*** Opening of Material for this exercise ***

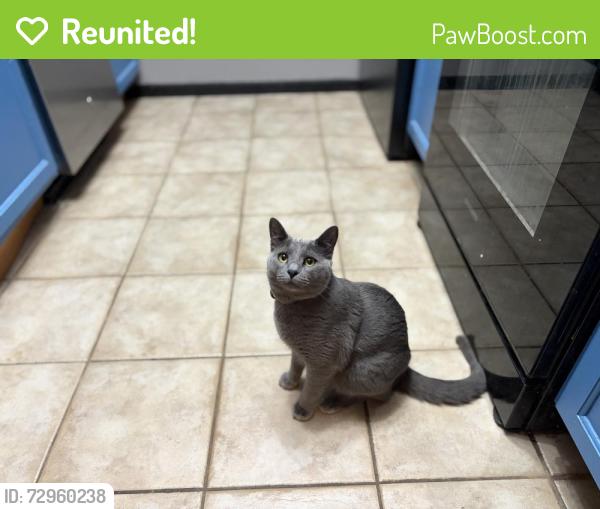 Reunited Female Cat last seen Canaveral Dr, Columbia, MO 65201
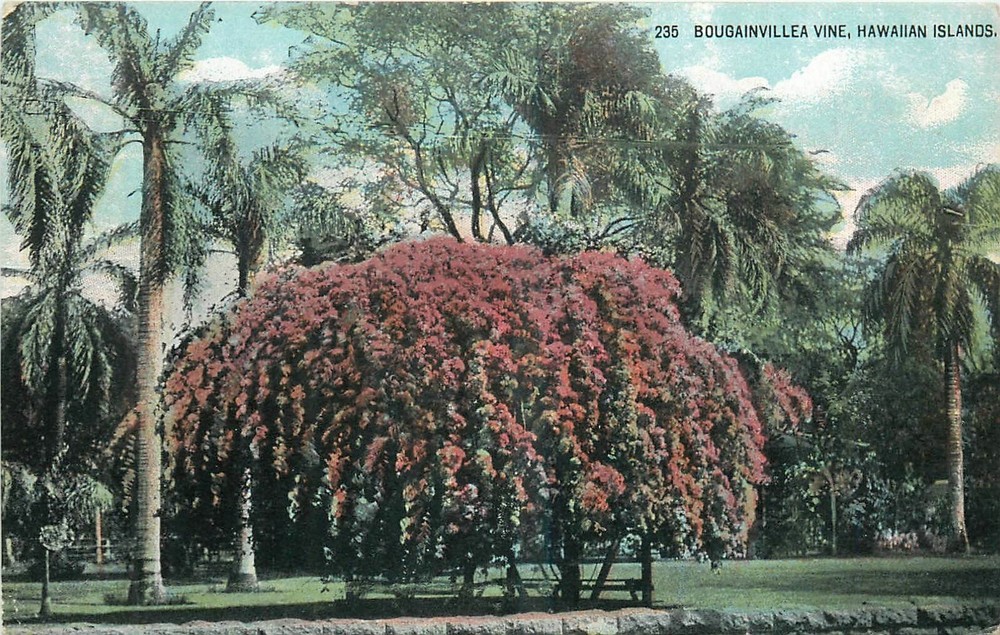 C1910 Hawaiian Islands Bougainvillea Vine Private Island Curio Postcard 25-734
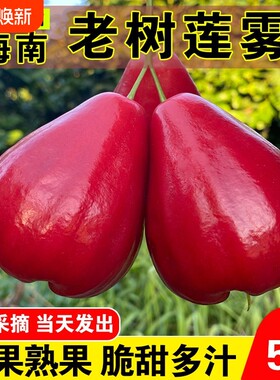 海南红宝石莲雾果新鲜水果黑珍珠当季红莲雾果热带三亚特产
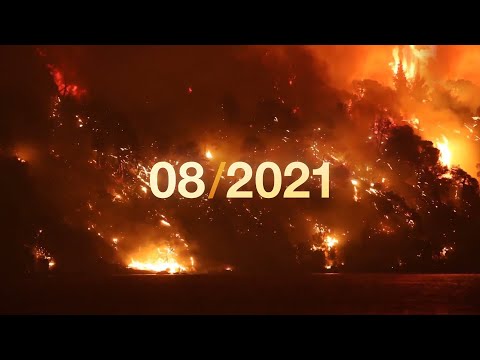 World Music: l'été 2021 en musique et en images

*** Close of Material for this exercise ***
*** Opening of Material for this exercise ***

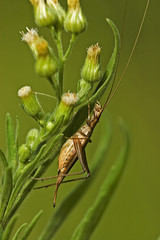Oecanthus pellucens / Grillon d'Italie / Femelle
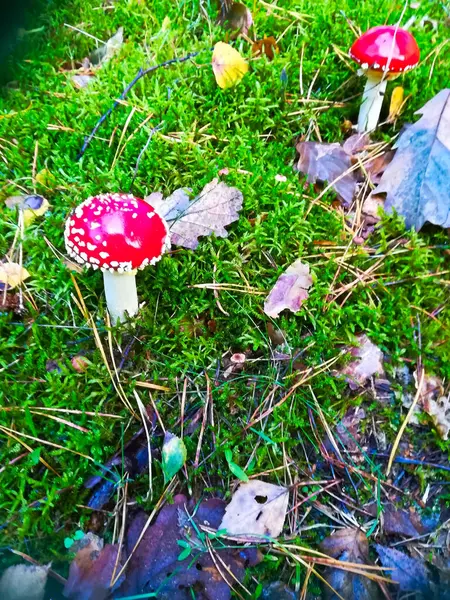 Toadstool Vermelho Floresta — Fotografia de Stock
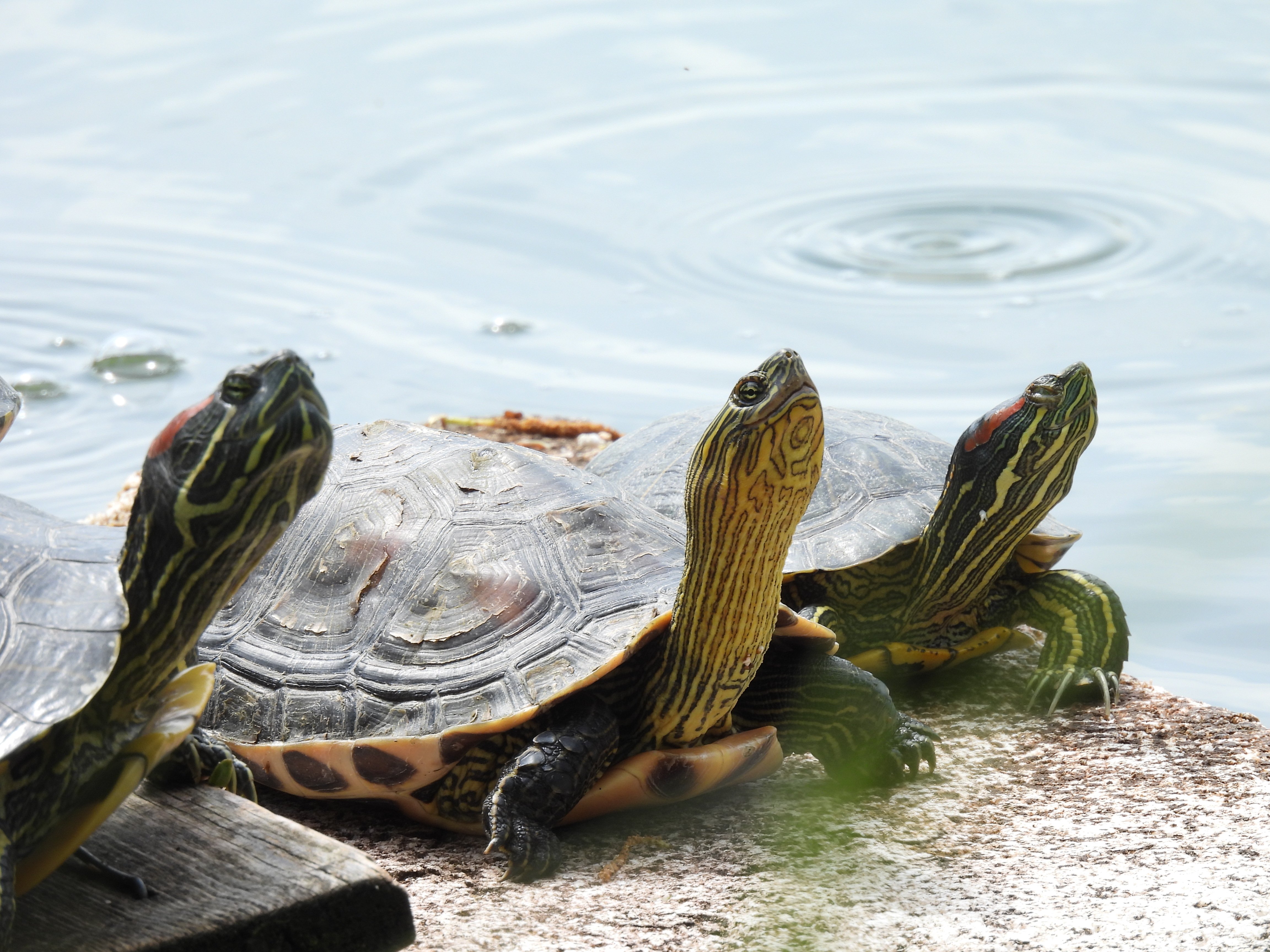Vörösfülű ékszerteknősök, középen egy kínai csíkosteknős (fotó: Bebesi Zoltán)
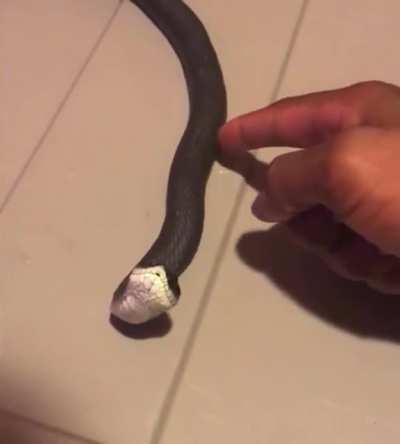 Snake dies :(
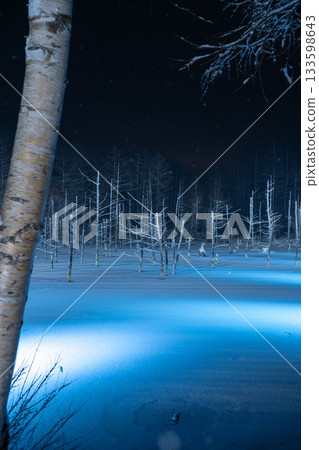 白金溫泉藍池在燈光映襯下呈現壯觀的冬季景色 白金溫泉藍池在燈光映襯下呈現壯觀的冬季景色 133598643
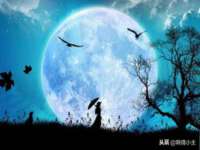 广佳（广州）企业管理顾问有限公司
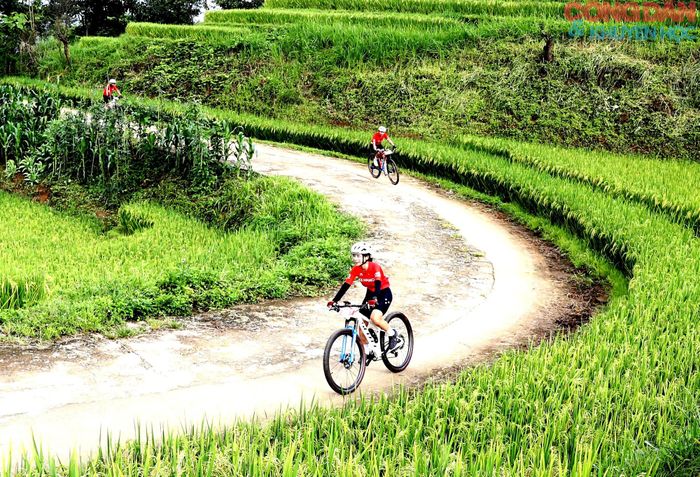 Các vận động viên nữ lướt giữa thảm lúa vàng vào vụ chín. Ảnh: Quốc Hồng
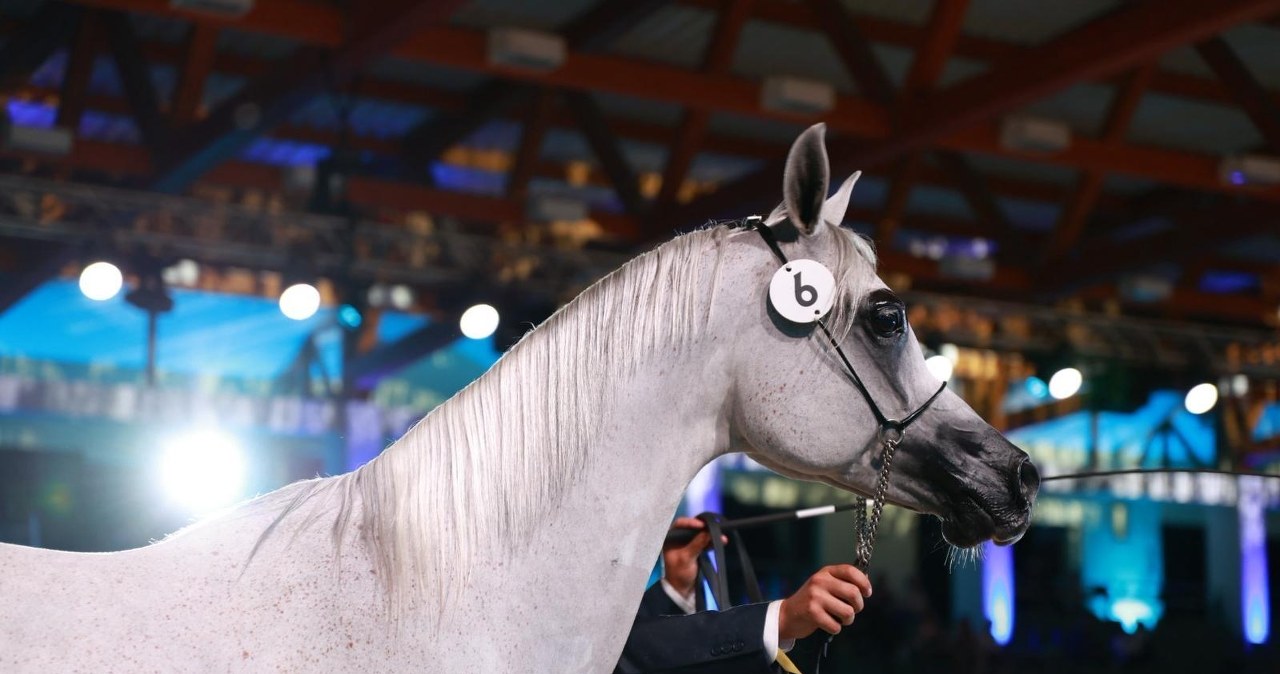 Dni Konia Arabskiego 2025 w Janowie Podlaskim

*** Close of Material for this exercise ***
*** Opening of Material for this exercise ***

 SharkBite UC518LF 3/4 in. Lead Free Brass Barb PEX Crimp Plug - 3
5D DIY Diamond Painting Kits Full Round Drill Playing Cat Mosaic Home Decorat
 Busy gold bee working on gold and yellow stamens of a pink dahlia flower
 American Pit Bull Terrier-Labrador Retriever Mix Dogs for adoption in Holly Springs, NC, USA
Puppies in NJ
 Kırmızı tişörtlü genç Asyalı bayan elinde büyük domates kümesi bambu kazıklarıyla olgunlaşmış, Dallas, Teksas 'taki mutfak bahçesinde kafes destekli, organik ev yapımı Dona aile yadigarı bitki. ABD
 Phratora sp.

*** Close of Material for this exercise ***

Brief: Using the records above, print exactly the run of lines that starts with the line with "Reunited Female Cat" and goes on through the line with "World Music: l'été", pictures excluded.

Answer box:
 Reunited Female Cat last seen Canaveral Dr, Columbia, MO 65201
 C1910 Hawaiian Islands Bougainvillea Vine Private Island Curio Postcard 25-734
 海南红宝石莲雾果新鲜水果黑珍珠当季红莲雾果热带三亚特产
 World Music: l'été 2021 en musique et en images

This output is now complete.